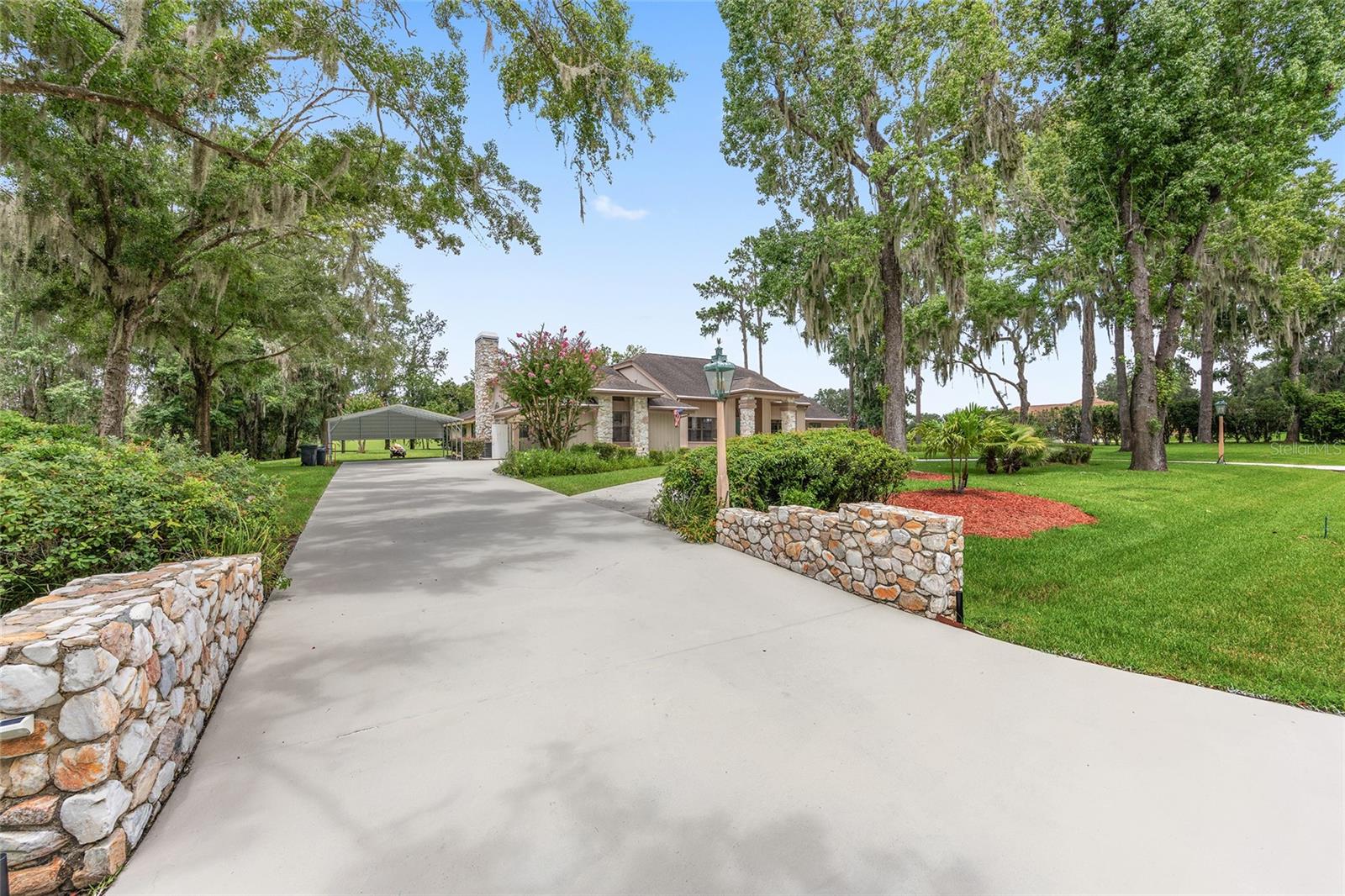 Image 6 of 91 For 4550 84th Terrace
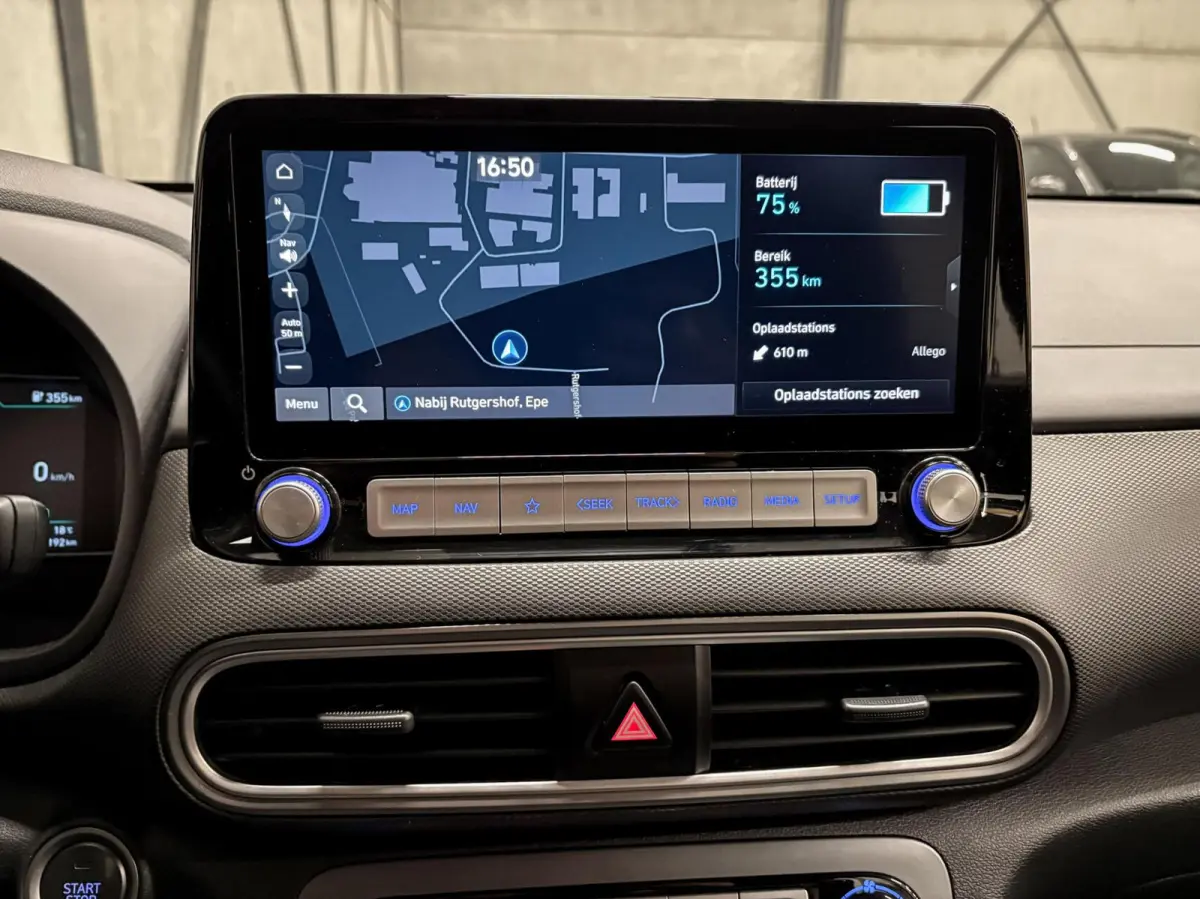 EV Comfort Smart 64 kWh|1e EIGENAAR|SOH 99%|ADAPT.CRUISE|CLIMATE|KEYLESS|CARPLAY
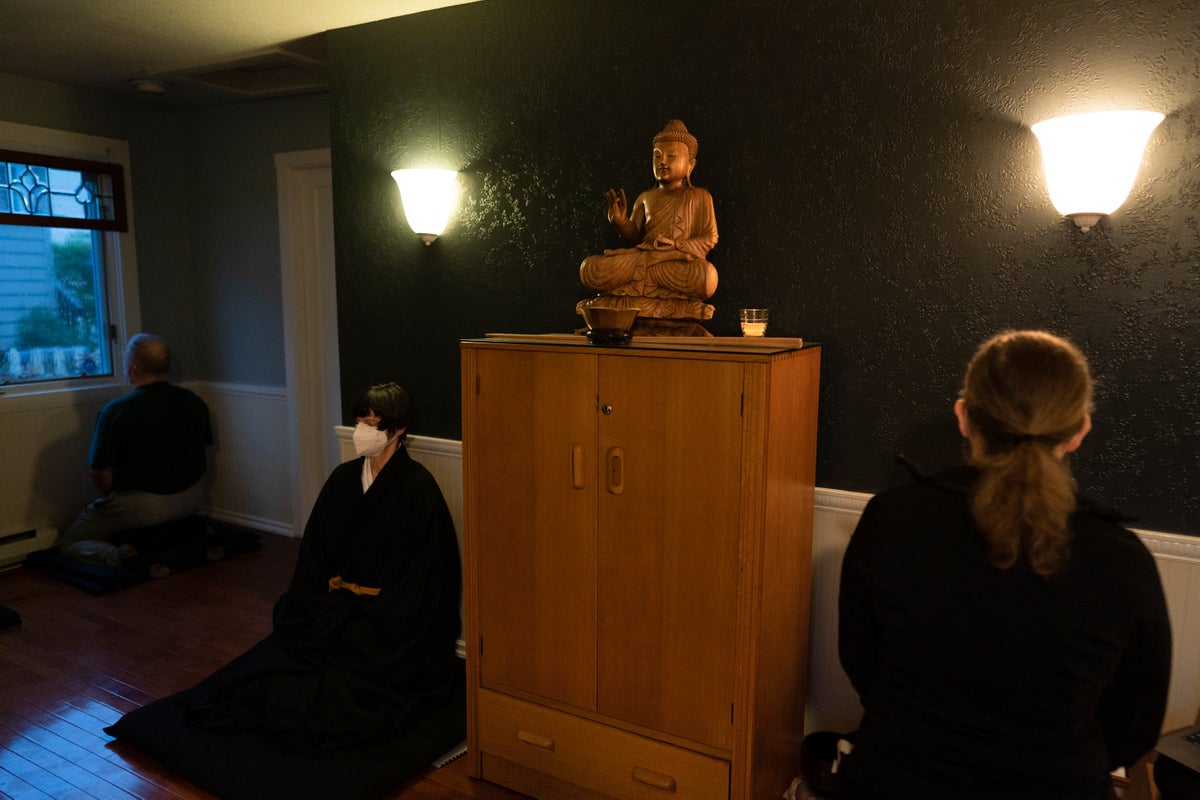 Anchorage Zen Community seeks awareness sitting in silence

---------------

• **Directions for this task**: When you repeat the material above, keep every word exact and leave out the pictures.

• **Solved problem**:
 Image 6 of 91 For 4550 84th Terrace
 EV Comfort Smart 64 kWh|1e EIGENAAR|SOH 99%|ADAPT.CRUISE|CLIMATE|KEYLESS|CARPLAY
 Anchorage Zen Community seeks awareness sitting in silence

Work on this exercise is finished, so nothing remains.